We are tracking earnings very closely. For the third quarter of this year, the S&P 500 collectively earned about $54. Stock prices have been rising based on that number’s sequential growing at a robust rate. For the last five quarters we have been watching upward revisions taking place in earnings estimates as the US economy has recovered from the March–April 2020 decline of Great Depression era proportions.
 
Now the issue is, what happens next?
 
True confession: we really don’t know. And Omicron, which was expected to be named “Nu” for a few hours until WHO named it Omicron instead, has administered a shock the size of which is still to be determined as we learn more about what to expect.
 
Here’s a snippet.

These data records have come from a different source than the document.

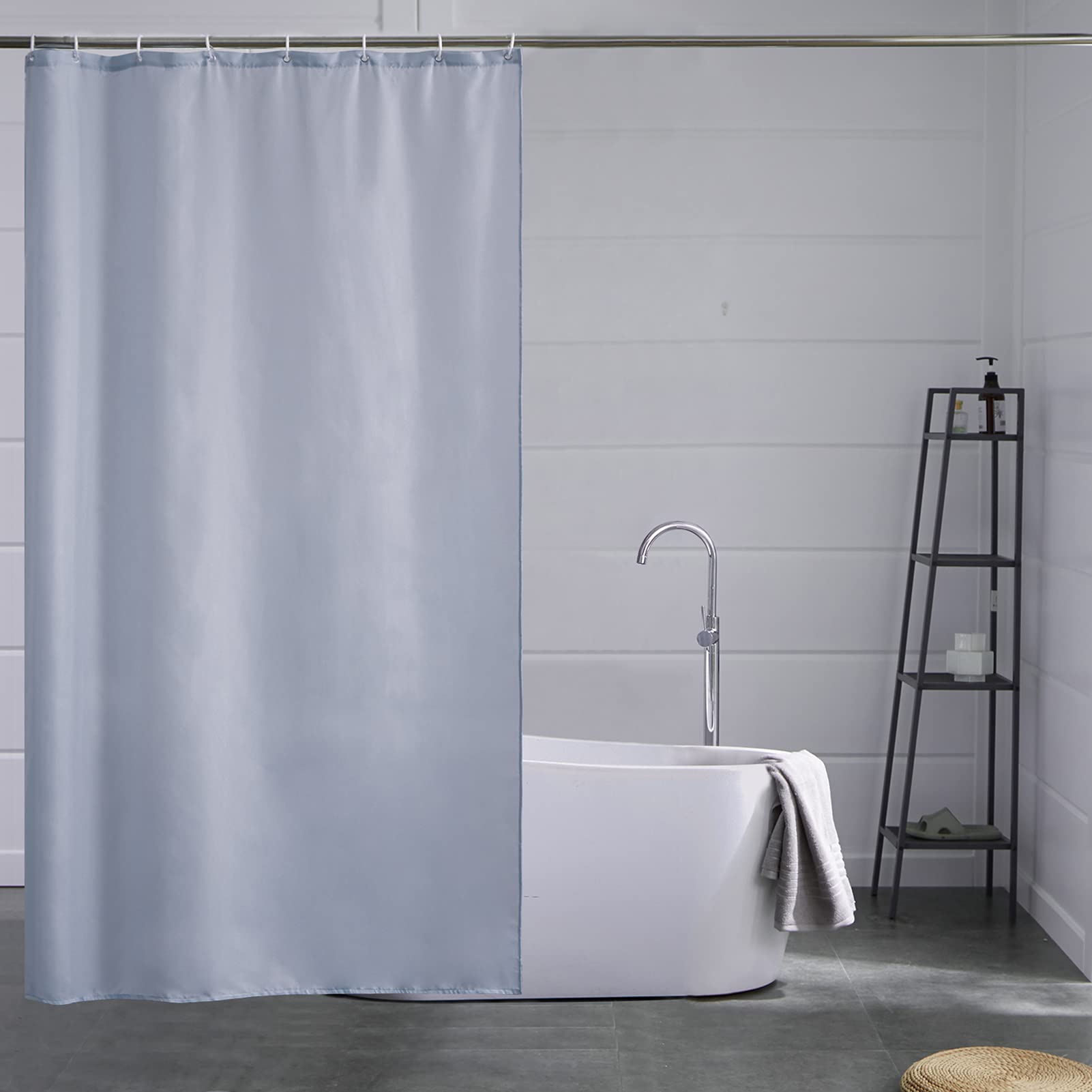 Furlinic Mildew Resistant Waterproof Polyester Shower Curtain | Blue Grey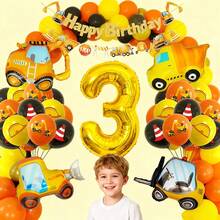 37 piezas Juego de globos de construcción, incluye globos de número de lámina de 32 pulgadas, adecuado para decoración de fiesta de cumpleaños, baby shower - Ver 4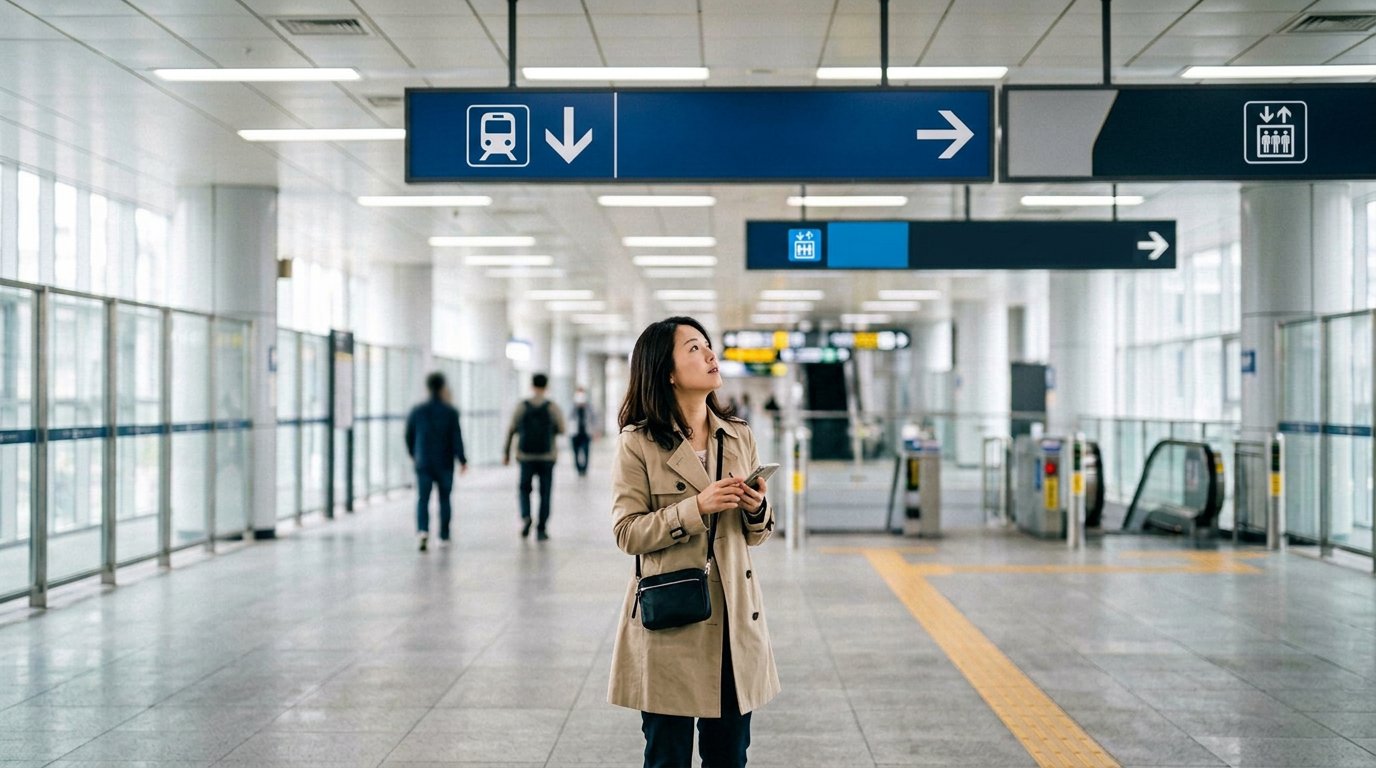 AI生成イラスト：地下鉄の案内表示を見上げる日本人旅行者。特定の実在駅ではありません。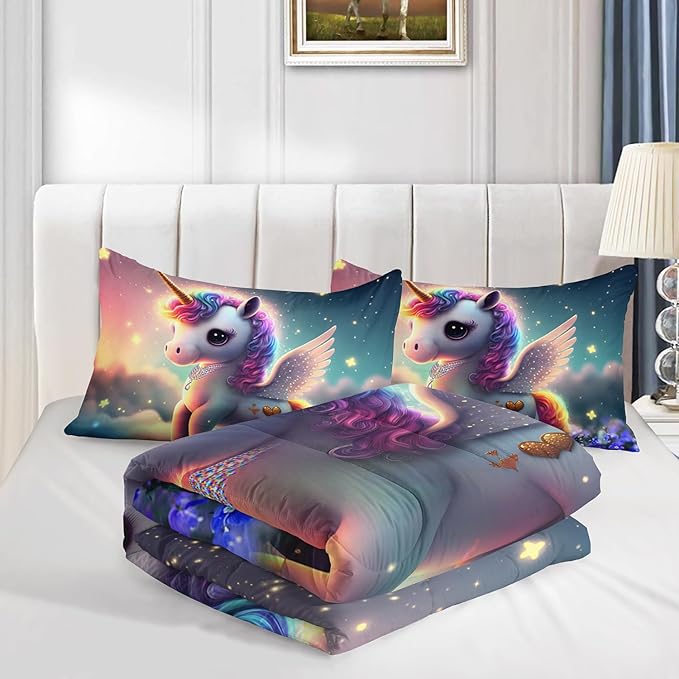 Kid Galaxy Unicorn Comforter Set Full Size 3Pcs Floral Daisy Quilt Bedding Set for Boys Girls with 1 Comforter and 2 Pillowcases
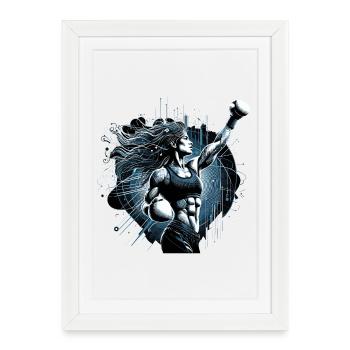 Boxer Woman Victory Pose Boxing Gift - Framed poster (27 × 37 cm) - white - Front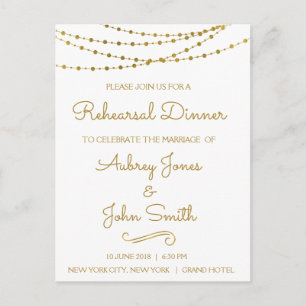 Gold Foil String Lights & Script Rehearsal Dinner Invitation Postcard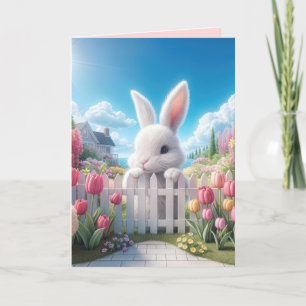Easter Bunny With Spring Tulips Holiday Card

Hat tip to Paul Schulte in Singapore. “The news from South African hospitals is that 1) cases of ICU and oxygenation were up four fold from a few weeks ago. From about 150 to about 650. Bad news. But the good news is that ONE HUNDRED PERCENT OF THOSE IN ICU OR ON OXYGEN for the new variant were unvaccinated or had a single shot. The German Minister of Health put it well. ‘you can get vaccinated. Or you can get sick. Or you can die. You decide.’“
 
Here’s Michael Drury on the “statistical discrepancy”. We thank him for this excellent analysis of the issue.
 


 
Weekly Economic Update
Michael Drury, Chief Economist
McVean Trading and Investments LLC
(https://www.mcvean.com)
Volume 100, Number 8
November 26, 2021
 
We hope you all had a wonderful Thanksgiving – because Black Friday was a real downer, with the announcement of a new COVID variant sparking a hectic run to safety in the financial markets. Crude oil crashed over ten dollars, to $68.15, as options expiration compounded the sell-off. Ten-year notes plunged 16 basis points to 1.47% and the S&P500 fell 106 points, or 2.27%. The US holiday thinned trading, but the sensitivity of global markets to bad news illustrates the dubious underpinnings of asset prices. Renewed shutdowns in Europe and the rising spread of the virus in the north of America had already raised concerns. The potential for a variant which may evade vaccinations – even in the heavily vaccinated developed nations – raised the specter of a return to widespread quarantines and their negative consequences for growth.
 
Ahead of Thanksgiving, a deluge of data painted a mixed picture of the economy, with real consumption appearing much stronger than expected, while capital spending and housing continued to sink as inflation sapped strength from volume. Even the surge in consumer activity is clouded by the fact that holiday shopping has been pulled well forward due to concern about availability at any price. Thin inventories suggest some payback over the next two months. Now, concern about both the supply of holiday services -- with potential closings or avoidance of entertainment venues and restaurants -- and demand for goods, if shoppers stay home, threaten to truncate the fourth quarter bounce and an above trend performance in 2022. We were already in the bearish camp, in part because we never thought COVID issues were fully behind us – either as to how they affect consumer behavior or through their impact of supply chains, especially in Asia.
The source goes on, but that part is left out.